**Data excerpts**
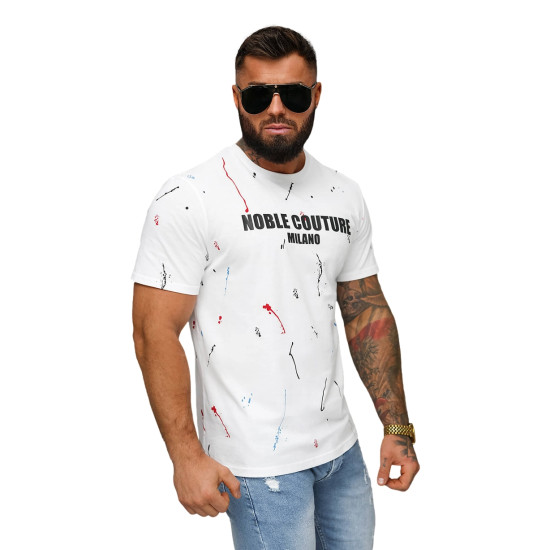 Men's white shirt Milan O/MPO3443 - T-shirt Men's white shirt Milan O/MPO3443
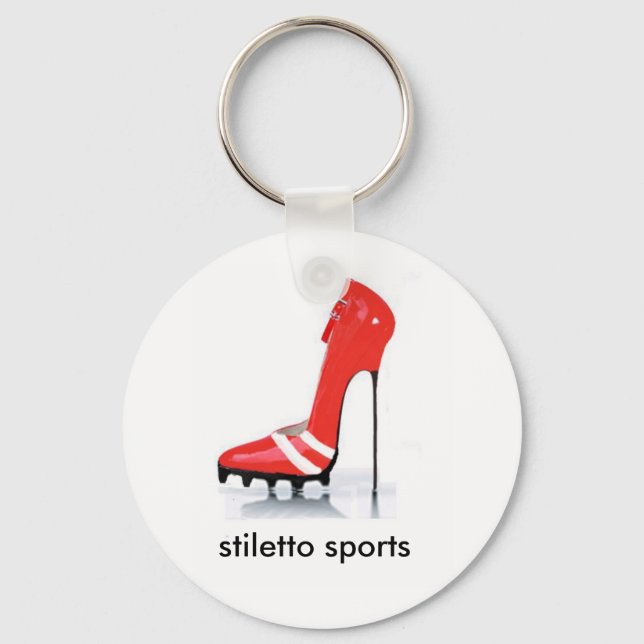Porte-clés stiletto rouge, stiletto sports (Recto)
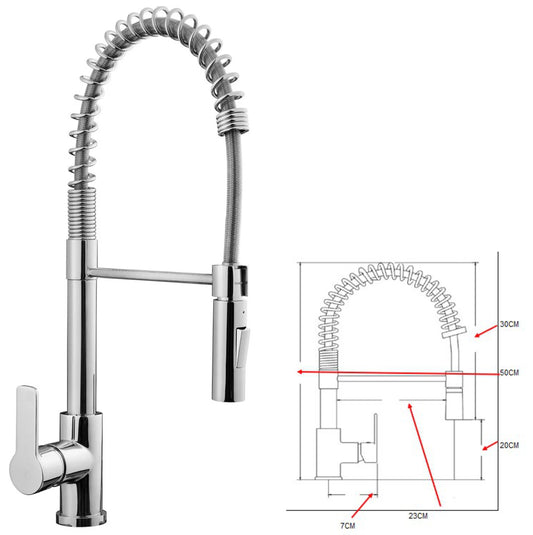 Mezcladora monocomando satinado p/lavadero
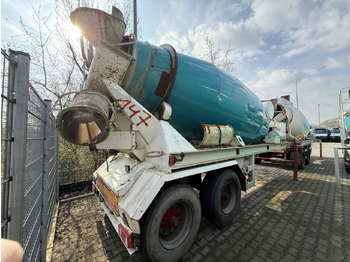 Truk pengaduk beton Betonmischer-Auflieger Stetter 10 m³ mit Motor: gambar 2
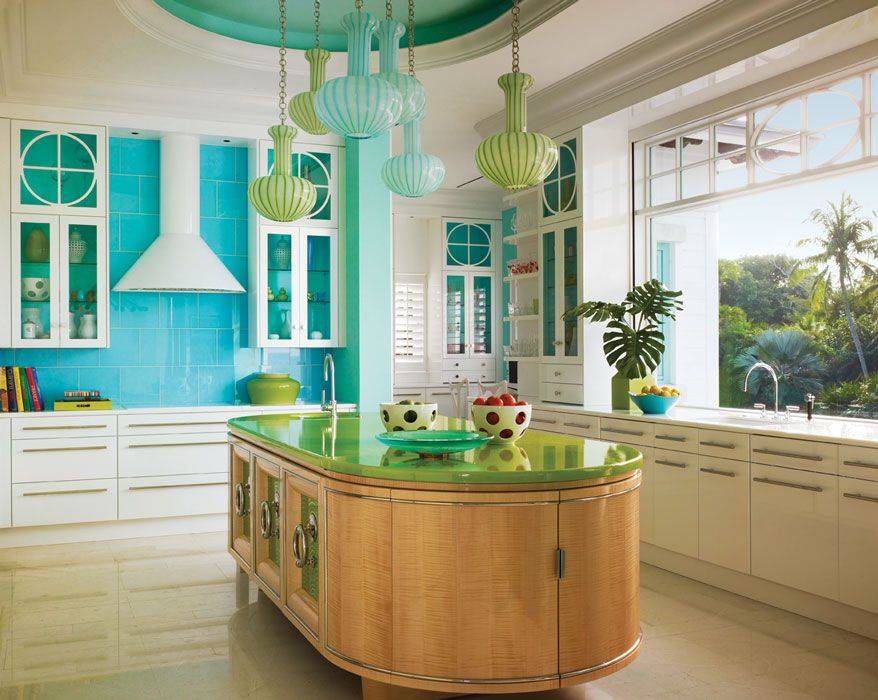 Кухня в зеленых тонах: дизайн интерьера и фото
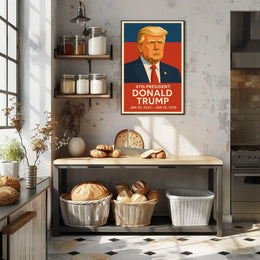 Donald Trump Leadership Echoes Vintage Propaganda Patriotic Icon Portrait Heritage Collection Poster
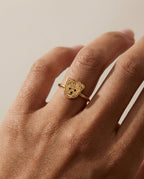 Custom Engraved Pet Photo Ring - Personalized Gold Jewelry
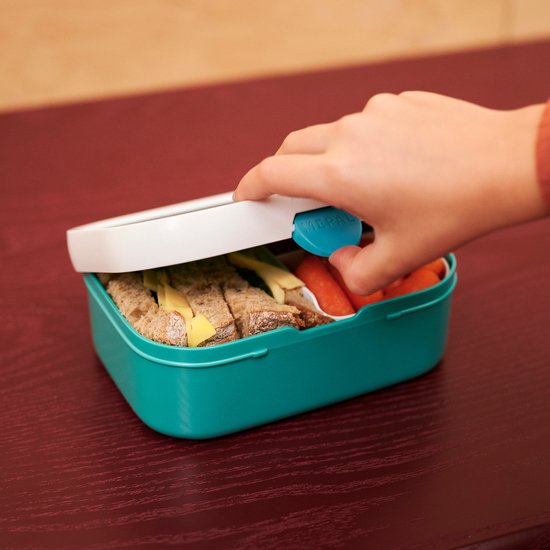 Mepal Lunchbox Campus - 750 ml - Broodtrommel met vakjes voor kinderen - Geschikt voor 4 boterhammen - Paw Patrol Pups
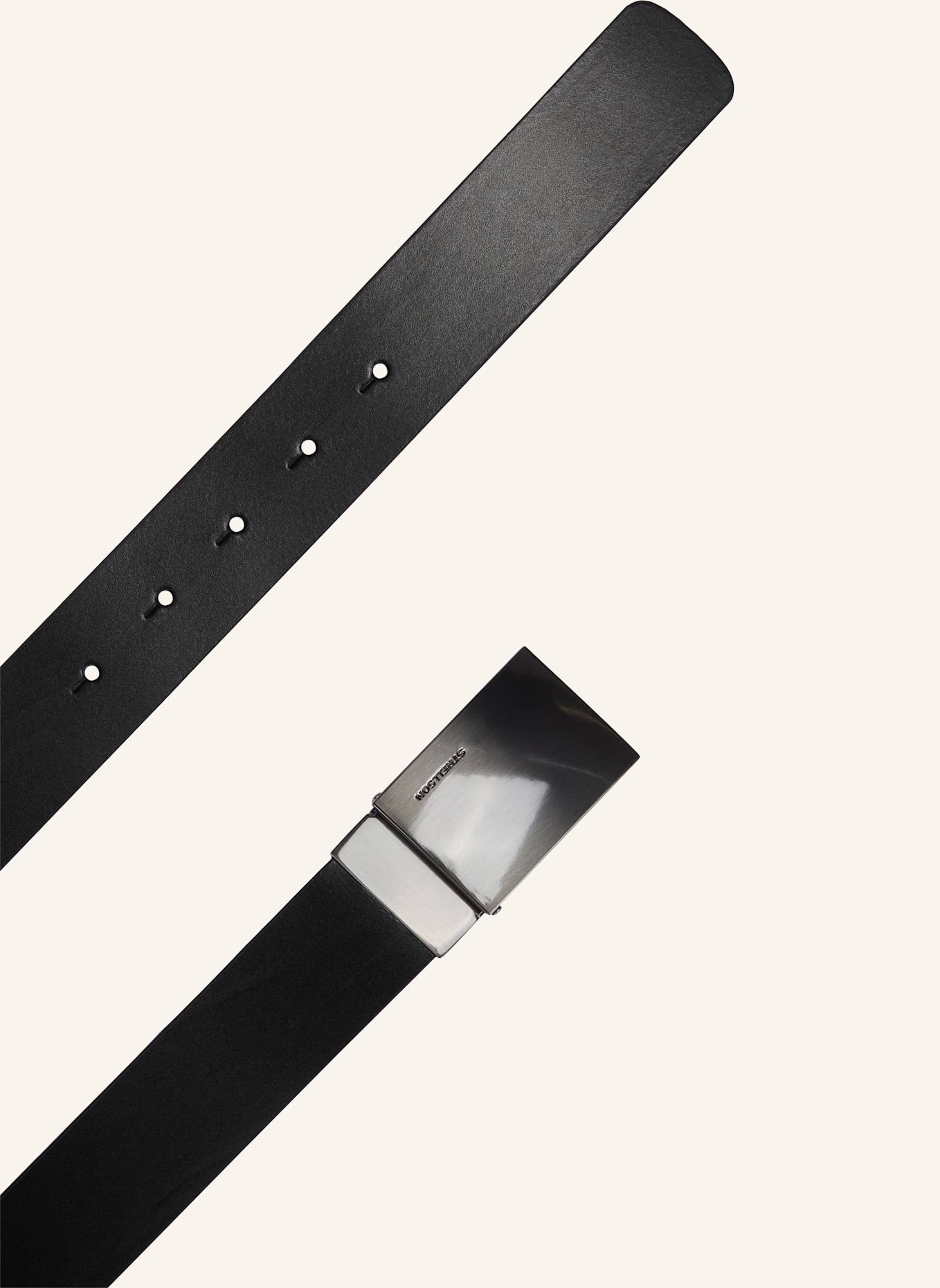 STRELLSON Gürtel LEDERGÜRTEL, SCHWARZ: SCHWARZ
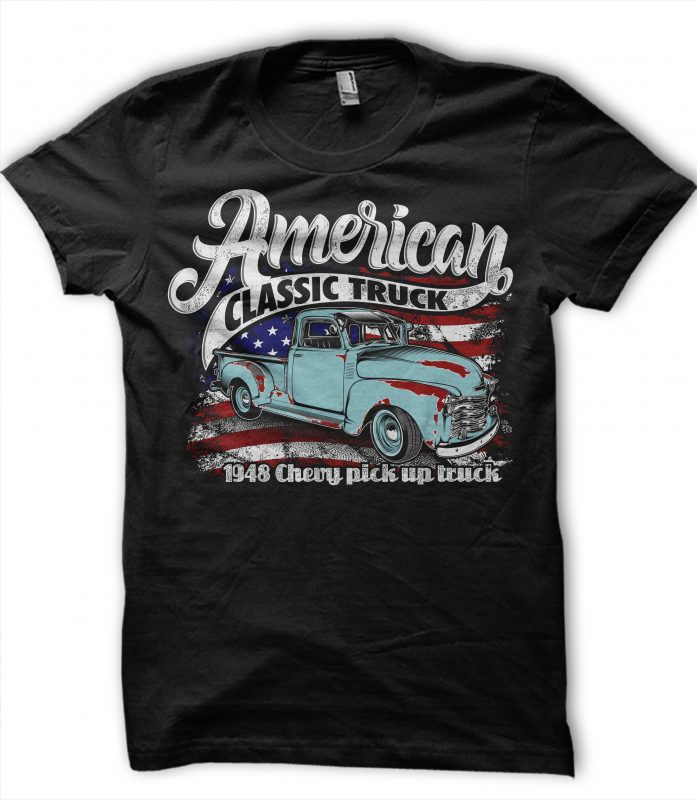 AMERICAN CLASSIC TRUCK t-shirt design for sale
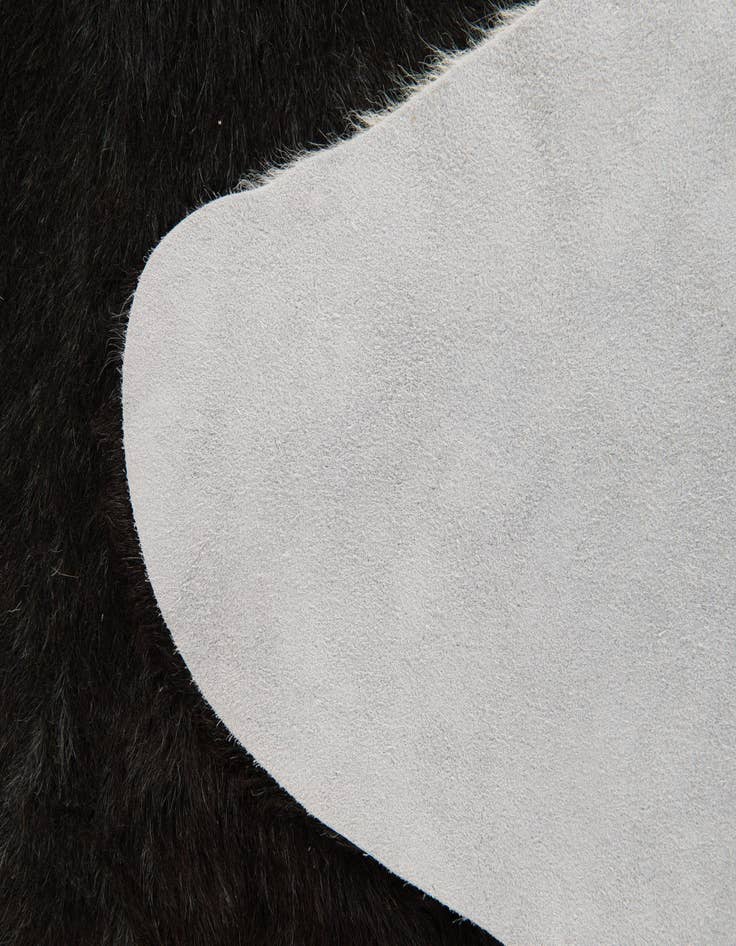 Detail image of  6' 1 x 6' 3 Cowhide Leather Square Rug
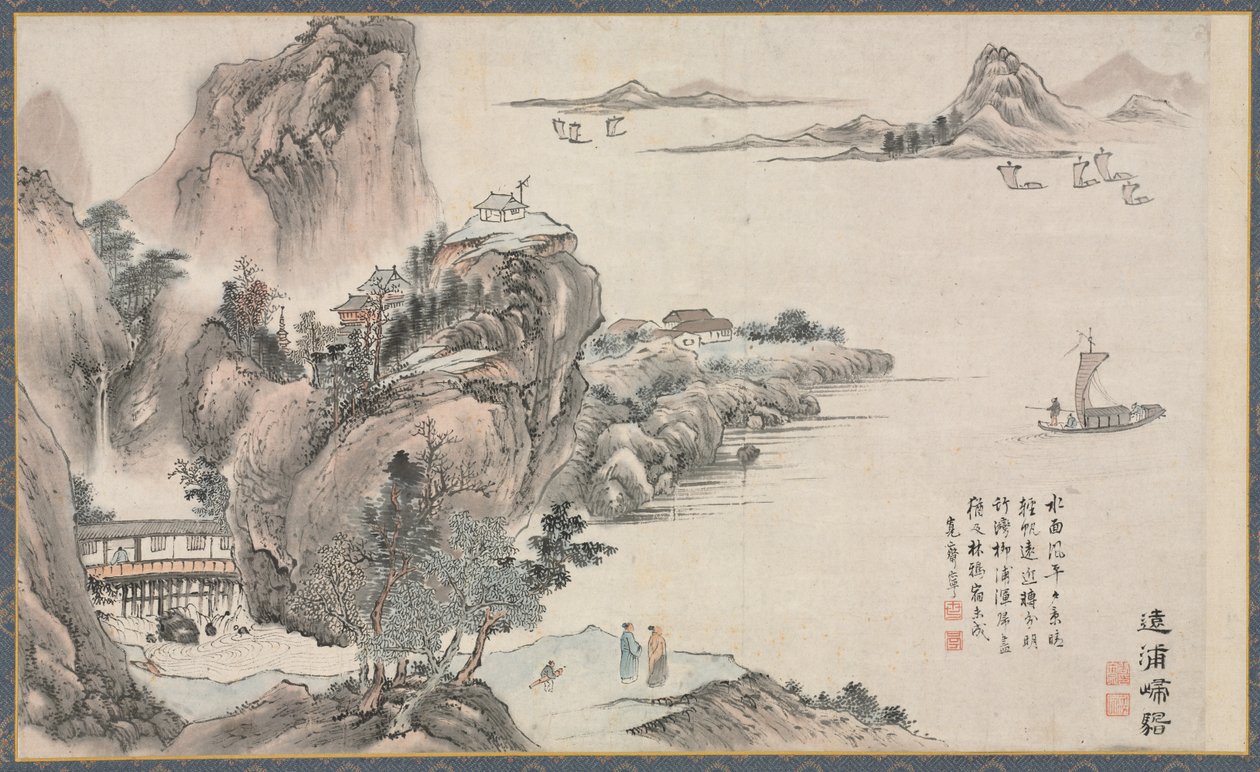 Una delle Otto Vedute dei Fiumi Xiao e Xiang da Tani Buncho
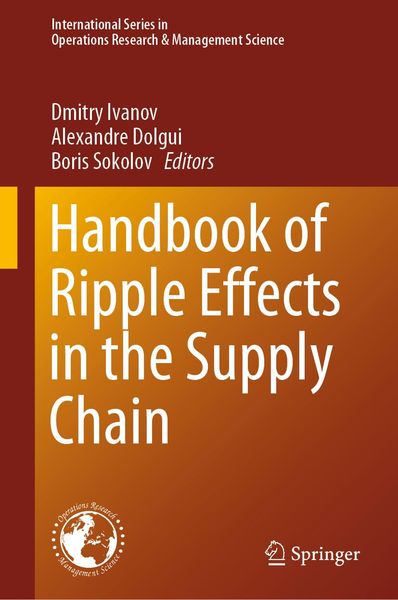 Produktbild: Handbook of Ripple Effects in the Supply Chain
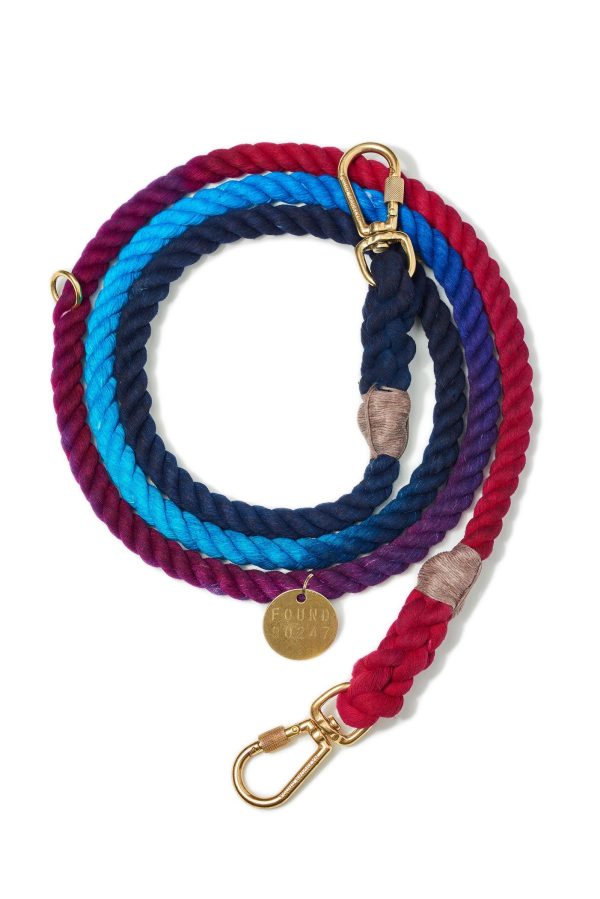 Adjustable Cotton Rope Dog Leash, Cosmic Storm For Cheap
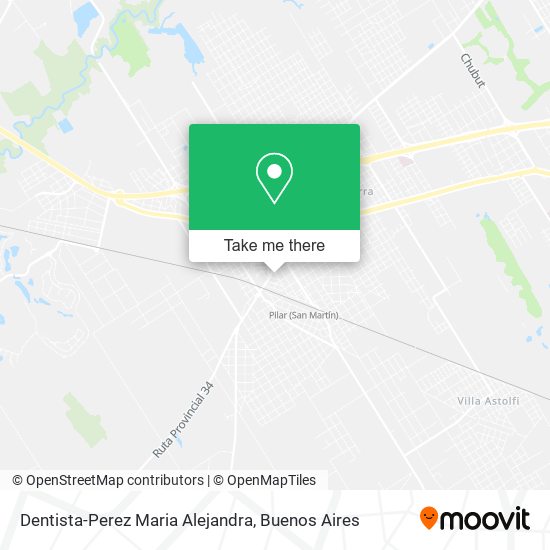 Dentista-Perez Maria Alejandra map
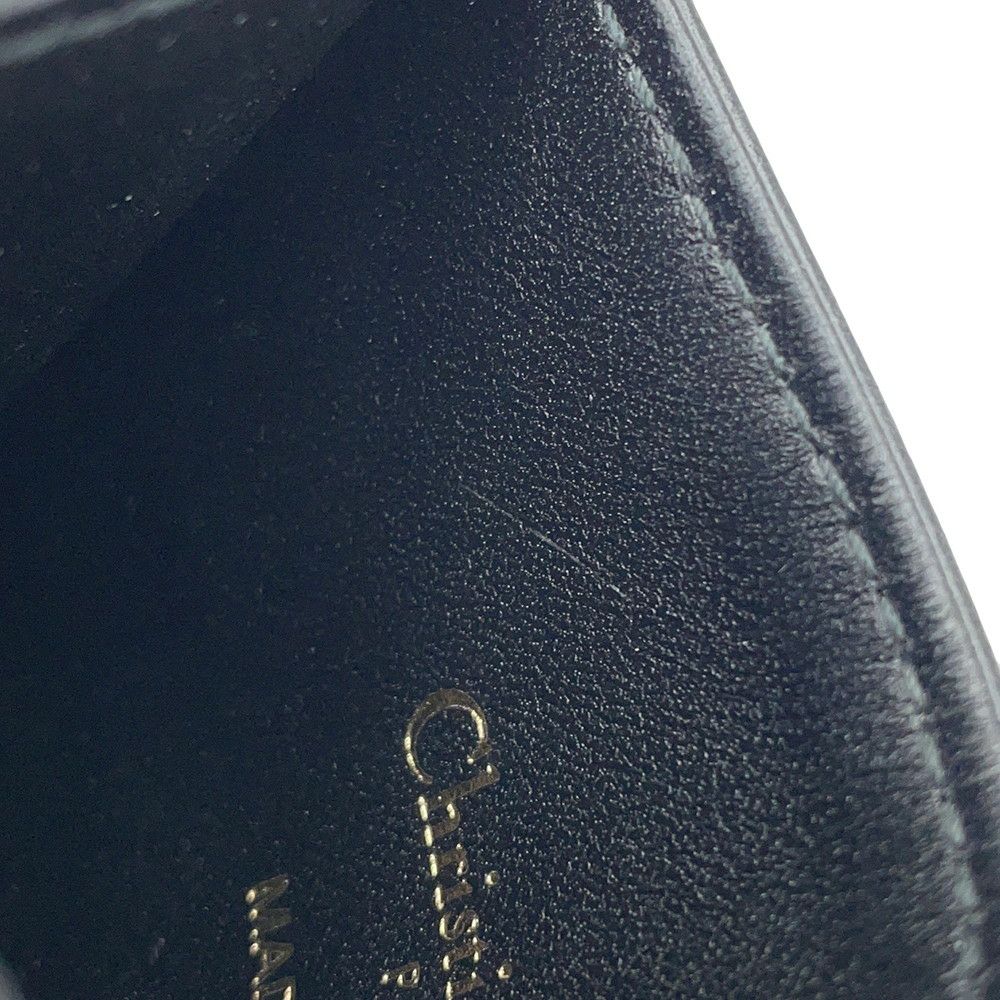 クリスチャン・ディオール カードケース カナージュ カロ フリージア スター ラムスキン S5130UNTZ Christian Dior 黒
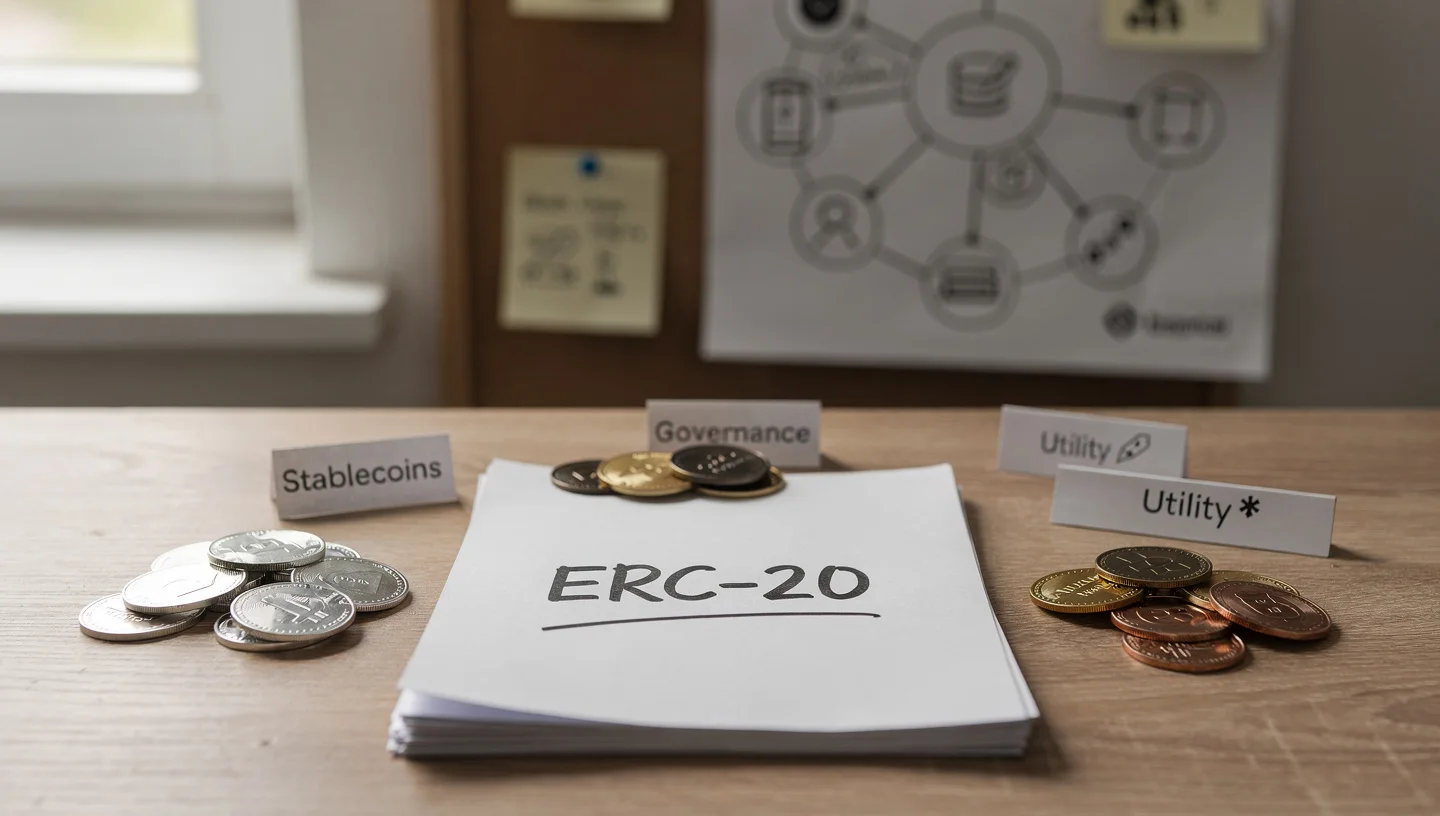 Real-World ERC-20 Tokens Stablecoins, Governance, and Utility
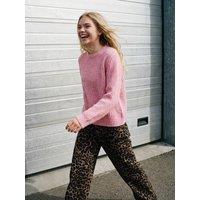 Jjxx Girl Girls Sigga Ribbed Knit Crew Neck Jumper - Pink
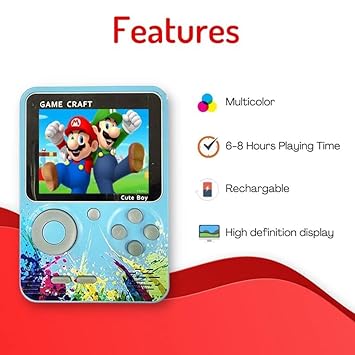 Retro GameBox 500 Games in 1 (Premium Quality) by Decorbazaar™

**Task objective**
Output exactly the lines above, from the line with "Porte-clés stiletto rouge, stiletto" to the line with "Custom Engraved Pet", both included; skip the pictures.

**Answer to the exercise**
Porte-clés stiletto rouge, stiletto sports (Recto)
 Mezcladora monocomando satinado p/lavadero
 Truk pengaduk beton Betonmischer-Auflieger Stetter 10 m³ mit Motor: gambar 2
 Кухня в зеленых тонах: дизайн интерьера и фото
 Donald Trump Leadership Echoes Vintage Propaganda Patriotic Icon Portrait Heritage Collection Poster
 Custom Engraved Pet Photo Ring - Personalized Gold Jewelry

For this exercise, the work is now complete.